Why do members of the public disagree – sharply and persistently – about facts on which expert scientists largely agree? We designed a study to test a distinctive explanation: the cultural cognition of scientific consensus. The “cultural cognition of risk” refers to the tendency of individuals to form risk perceptions that are congenial to their values. The study presents both correlational and experimental evidence confirming that cultural cognition shapes individuals’ beliefs about the existence of scientific consensus, and the process by which they form such beliefs, relating to climate change, the disposal of nuclear wastes, and the effect of permitting concealed possession of handguns. The implications of this dynamic for science communication and public policy-making are discussed.

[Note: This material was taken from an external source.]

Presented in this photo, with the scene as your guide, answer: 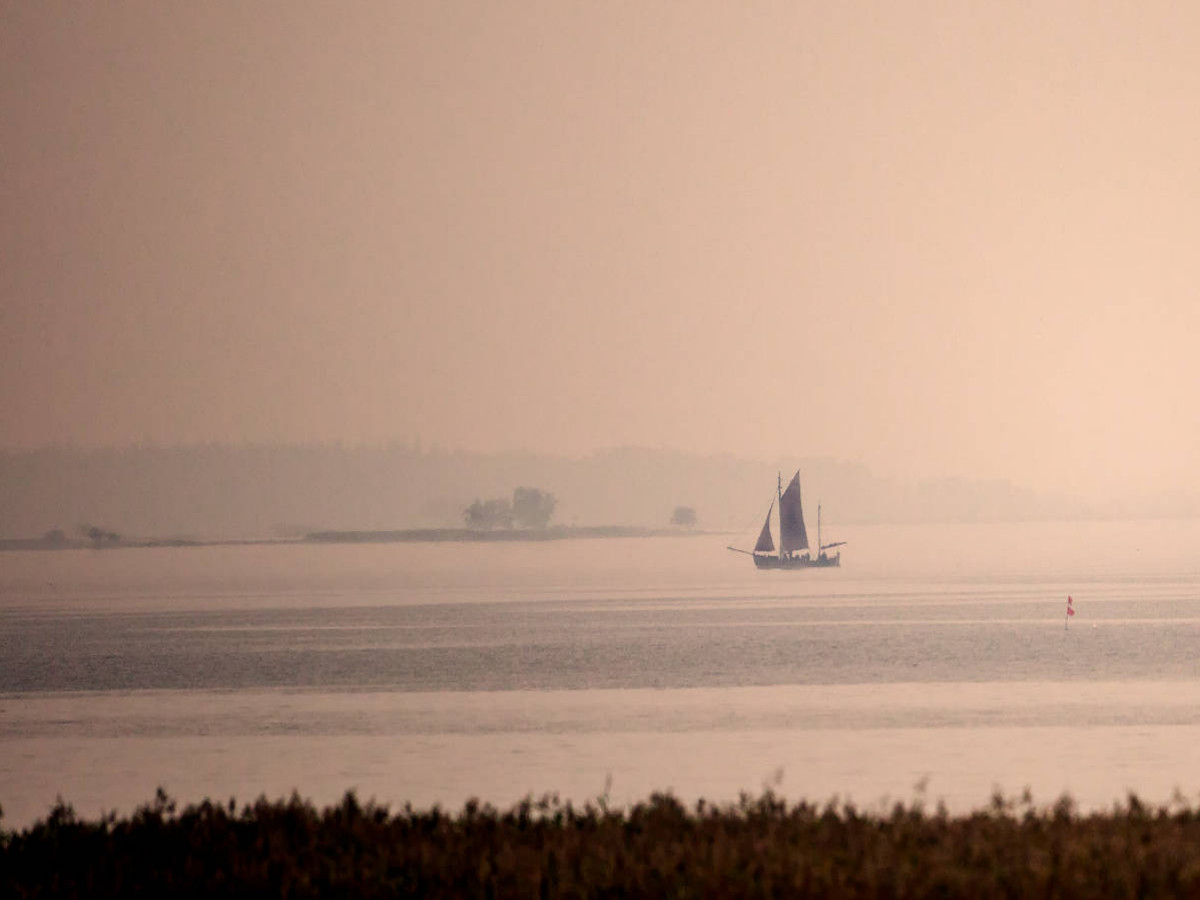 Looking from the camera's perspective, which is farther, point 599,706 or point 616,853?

(...) The cultural cognition thesis posits that individuals tend to form perceptions of risk that reflect and reinforce one or another idealized vision of how society should be organized. Building on the work of Mary Douglas and Aaron Wildavsky (1982), cultural cognition relates risk perceptions to worldviews, or preferences for modes of social ordering, that vary along two dimensions: hierarchy versus egalitarianism; and individualism versus communitarianism.

Thus, generally speaking, persons who subscribe to individualistic values tend to dismiss claims of environmental risks, because acceptance of such claims implies the need to regulate markets, commerce, and other outlets for individual strivings.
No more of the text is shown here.